>>>>>

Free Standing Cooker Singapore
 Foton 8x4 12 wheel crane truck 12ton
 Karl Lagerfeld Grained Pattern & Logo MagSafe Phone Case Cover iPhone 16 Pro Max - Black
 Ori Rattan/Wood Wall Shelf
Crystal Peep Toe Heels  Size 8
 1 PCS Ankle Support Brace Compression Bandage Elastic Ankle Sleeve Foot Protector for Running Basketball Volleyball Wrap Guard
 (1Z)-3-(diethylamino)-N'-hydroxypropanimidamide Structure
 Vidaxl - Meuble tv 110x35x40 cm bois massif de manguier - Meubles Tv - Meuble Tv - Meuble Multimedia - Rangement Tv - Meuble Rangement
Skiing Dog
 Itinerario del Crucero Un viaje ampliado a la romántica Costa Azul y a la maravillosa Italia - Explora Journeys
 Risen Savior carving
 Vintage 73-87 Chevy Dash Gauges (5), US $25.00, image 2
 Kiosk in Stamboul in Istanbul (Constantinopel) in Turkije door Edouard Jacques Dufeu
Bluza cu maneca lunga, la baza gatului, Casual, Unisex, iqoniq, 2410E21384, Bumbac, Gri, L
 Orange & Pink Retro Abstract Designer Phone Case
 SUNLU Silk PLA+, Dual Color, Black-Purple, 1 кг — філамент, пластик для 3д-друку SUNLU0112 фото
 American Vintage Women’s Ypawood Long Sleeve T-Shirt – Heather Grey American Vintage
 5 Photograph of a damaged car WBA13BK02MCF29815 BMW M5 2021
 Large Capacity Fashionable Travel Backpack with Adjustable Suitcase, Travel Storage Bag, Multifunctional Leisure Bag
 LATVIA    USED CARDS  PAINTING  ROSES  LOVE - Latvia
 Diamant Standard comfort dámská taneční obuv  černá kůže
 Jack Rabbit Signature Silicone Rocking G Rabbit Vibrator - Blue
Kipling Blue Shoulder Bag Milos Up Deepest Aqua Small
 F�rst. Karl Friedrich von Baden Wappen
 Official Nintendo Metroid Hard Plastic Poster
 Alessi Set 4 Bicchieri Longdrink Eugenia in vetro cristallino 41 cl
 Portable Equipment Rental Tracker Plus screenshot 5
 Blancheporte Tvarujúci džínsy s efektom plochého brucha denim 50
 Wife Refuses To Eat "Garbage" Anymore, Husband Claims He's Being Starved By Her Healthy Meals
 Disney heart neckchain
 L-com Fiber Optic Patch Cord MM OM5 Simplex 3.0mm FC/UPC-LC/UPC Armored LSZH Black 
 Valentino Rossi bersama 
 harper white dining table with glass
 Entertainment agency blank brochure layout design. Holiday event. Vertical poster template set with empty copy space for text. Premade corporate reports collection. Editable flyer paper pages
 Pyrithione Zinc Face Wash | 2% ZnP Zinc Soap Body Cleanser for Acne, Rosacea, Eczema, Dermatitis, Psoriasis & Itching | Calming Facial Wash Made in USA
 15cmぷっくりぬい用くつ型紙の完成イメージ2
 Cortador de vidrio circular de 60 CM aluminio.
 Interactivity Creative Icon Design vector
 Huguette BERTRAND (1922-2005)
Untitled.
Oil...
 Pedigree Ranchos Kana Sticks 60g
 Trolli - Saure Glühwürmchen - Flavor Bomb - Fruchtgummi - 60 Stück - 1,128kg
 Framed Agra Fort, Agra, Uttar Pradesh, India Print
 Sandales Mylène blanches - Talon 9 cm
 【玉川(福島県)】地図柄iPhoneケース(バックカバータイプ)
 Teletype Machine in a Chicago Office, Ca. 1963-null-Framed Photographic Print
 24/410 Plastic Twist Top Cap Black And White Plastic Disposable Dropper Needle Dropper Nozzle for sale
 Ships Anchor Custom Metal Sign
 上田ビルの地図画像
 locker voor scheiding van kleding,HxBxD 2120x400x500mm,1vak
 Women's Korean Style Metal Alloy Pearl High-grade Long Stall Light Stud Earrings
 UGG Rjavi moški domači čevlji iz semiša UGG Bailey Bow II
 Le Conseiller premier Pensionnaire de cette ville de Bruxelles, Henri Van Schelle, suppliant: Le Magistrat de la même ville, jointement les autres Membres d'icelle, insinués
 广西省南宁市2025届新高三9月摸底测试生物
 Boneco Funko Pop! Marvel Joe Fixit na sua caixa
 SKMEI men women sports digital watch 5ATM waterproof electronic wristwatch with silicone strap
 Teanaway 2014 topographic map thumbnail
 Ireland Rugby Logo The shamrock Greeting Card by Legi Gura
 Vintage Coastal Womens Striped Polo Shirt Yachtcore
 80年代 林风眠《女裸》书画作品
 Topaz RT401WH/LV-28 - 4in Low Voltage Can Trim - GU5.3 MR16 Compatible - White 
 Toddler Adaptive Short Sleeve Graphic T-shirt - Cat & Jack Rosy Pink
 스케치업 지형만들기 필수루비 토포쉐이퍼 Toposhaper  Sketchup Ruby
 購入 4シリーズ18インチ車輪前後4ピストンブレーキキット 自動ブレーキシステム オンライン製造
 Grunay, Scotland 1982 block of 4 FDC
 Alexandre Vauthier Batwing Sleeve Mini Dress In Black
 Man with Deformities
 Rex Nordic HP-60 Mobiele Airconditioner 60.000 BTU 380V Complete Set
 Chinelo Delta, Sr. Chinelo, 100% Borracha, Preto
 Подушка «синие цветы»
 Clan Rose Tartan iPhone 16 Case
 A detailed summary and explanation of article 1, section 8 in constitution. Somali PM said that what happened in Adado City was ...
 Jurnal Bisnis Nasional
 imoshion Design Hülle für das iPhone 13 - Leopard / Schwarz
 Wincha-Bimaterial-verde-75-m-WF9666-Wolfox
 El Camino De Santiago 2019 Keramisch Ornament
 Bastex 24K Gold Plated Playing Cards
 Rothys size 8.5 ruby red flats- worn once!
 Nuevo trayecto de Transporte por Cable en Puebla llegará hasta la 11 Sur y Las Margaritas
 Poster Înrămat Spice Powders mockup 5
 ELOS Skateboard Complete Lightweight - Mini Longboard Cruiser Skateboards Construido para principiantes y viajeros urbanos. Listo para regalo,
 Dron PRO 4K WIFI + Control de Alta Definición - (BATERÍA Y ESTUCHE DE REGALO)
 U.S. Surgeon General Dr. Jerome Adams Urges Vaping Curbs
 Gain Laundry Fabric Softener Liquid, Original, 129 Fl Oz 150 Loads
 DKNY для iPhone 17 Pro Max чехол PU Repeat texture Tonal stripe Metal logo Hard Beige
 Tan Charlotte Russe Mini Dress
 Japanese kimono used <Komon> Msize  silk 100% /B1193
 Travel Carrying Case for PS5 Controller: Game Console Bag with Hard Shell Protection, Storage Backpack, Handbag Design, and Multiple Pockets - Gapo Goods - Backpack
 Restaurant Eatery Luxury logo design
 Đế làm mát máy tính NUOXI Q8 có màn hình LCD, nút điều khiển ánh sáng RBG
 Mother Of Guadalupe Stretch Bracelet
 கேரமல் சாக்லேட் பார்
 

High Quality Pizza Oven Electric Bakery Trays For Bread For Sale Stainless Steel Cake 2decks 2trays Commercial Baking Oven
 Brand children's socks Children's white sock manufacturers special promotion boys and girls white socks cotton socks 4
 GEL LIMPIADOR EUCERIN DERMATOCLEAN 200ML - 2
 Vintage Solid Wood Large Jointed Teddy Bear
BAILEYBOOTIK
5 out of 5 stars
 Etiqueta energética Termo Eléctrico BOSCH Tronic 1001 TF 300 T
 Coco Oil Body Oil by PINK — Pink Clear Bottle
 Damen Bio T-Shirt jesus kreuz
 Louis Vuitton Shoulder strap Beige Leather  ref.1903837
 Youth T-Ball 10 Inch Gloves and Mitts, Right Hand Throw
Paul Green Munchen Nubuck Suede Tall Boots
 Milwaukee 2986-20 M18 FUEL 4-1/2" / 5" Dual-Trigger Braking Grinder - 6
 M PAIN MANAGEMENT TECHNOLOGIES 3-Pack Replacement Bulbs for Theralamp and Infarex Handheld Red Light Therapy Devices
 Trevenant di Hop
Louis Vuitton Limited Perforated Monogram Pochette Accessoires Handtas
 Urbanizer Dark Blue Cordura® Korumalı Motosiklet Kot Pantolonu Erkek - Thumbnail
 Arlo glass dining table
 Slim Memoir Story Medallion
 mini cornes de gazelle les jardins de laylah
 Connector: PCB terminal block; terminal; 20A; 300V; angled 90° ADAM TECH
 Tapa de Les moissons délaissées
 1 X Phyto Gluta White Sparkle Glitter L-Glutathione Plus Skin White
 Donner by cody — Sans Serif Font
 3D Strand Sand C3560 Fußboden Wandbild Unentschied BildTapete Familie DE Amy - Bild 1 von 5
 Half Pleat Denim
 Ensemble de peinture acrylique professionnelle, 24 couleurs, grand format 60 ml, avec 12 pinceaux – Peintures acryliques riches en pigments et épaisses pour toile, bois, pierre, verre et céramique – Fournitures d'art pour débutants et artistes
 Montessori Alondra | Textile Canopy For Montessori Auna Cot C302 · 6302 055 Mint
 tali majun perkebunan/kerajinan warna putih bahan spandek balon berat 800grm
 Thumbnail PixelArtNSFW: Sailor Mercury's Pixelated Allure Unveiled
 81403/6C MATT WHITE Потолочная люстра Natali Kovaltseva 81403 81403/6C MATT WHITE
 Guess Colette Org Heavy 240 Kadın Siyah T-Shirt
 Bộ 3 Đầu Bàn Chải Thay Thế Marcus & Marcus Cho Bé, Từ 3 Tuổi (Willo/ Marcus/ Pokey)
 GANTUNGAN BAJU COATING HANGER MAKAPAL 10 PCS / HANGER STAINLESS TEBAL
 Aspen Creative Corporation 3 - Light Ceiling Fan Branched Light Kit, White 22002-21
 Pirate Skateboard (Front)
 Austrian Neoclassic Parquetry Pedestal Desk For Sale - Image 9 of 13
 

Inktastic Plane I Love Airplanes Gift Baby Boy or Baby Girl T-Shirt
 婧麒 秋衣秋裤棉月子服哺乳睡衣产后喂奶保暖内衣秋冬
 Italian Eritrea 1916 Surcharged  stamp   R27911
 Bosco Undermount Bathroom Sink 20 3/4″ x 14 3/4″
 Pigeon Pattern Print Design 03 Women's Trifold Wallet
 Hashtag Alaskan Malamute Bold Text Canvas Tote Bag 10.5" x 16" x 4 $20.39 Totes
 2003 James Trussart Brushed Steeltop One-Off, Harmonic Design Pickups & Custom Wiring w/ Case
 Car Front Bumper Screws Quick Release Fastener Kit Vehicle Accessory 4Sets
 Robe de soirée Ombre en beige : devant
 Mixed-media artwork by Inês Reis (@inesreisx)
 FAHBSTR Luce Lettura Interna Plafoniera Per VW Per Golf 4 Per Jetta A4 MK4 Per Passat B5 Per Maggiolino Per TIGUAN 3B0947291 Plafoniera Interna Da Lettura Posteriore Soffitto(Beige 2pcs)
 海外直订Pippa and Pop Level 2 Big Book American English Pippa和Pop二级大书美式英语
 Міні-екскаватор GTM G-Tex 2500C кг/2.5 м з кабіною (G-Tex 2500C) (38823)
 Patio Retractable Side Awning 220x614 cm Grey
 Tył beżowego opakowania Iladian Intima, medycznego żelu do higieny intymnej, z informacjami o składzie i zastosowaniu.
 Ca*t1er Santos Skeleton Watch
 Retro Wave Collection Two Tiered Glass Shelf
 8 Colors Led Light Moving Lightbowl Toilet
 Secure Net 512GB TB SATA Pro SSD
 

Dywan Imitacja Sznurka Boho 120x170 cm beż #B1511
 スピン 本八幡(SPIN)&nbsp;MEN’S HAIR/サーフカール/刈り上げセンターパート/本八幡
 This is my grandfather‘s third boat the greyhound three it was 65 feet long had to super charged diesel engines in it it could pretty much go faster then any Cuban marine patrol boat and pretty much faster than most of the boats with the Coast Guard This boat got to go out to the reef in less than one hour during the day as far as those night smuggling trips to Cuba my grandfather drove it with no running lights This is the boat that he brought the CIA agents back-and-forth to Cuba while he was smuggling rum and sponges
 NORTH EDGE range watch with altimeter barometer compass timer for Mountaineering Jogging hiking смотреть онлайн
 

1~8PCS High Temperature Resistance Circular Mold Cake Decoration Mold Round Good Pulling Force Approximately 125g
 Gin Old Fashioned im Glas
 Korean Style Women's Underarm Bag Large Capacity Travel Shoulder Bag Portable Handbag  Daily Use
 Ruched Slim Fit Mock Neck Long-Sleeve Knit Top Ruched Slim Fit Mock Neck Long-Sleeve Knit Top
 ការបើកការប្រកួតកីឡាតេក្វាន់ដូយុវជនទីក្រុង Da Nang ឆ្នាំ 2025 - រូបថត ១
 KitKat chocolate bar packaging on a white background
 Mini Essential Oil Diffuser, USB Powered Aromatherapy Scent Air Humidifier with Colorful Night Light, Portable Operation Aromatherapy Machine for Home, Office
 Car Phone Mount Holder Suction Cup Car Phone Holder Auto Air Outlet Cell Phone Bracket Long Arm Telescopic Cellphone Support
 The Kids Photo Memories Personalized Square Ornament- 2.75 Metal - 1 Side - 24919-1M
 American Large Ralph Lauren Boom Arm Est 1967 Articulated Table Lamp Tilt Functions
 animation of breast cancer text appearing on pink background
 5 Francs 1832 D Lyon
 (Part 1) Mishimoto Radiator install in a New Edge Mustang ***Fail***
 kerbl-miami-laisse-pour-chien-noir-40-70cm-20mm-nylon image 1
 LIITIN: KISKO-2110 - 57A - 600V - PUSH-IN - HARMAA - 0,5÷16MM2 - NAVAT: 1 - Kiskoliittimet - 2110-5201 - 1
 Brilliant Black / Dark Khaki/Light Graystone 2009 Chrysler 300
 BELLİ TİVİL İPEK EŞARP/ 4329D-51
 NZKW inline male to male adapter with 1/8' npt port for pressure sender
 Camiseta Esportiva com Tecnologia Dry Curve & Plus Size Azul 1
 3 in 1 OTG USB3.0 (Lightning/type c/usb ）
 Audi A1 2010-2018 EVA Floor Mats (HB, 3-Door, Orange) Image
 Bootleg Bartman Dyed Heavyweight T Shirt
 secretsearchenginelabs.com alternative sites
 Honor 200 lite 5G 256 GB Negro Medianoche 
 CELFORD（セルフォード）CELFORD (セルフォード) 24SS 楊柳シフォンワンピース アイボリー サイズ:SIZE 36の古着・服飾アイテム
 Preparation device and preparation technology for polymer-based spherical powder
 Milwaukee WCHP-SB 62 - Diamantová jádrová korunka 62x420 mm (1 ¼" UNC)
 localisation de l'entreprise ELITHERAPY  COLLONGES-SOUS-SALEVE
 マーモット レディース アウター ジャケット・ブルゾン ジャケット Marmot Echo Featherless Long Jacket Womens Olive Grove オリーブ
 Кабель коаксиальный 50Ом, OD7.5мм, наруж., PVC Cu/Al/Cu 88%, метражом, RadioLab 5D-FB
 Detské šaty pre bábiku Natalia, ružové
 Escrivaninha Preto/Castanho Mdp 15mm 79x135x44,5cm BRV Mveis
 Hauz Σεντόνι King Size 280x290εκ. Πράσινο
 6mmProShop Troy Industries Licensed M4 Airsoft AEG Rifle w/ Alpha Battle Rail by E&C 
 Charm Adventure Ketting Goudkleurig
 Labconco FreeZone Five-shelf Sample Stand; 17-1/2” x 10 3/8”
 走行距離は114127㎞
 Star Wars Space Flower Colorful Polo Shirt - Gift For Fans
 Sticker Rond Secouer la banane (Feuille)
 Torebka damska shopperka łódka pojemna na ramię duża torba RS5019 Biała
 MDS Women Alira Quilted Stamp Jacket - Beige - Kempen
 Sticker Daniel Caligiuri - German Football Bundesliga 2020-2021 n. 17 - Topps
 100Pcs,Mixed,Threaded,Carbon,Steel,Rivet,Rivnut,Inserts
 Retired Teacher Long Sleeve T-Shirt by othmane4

<<<<<

* [Exercise directions]:
Give back exactly the lines of the listing, starting with the first and ending with the one bearing "1 PCS Ankle". Add no other lines.

* [Solution to this exercise]:
Free Standing Cooker Singapore
 Foton 8x4 12 wheel crane truck 12ton
 Karl Lagerfeld Grained Pattern & Logo MagSafe Phone Case Cover iPhone 16 Pro Max - Black
 Ori Rattan/Wood Wall Shelf
Crystal Peep Toe Heels  Size 8
 1 PCS Ankle Support Brace Compression Bandage Elastic Ankle Sleeve Foot Protector for Running Basketball Volleyball Wrap Guard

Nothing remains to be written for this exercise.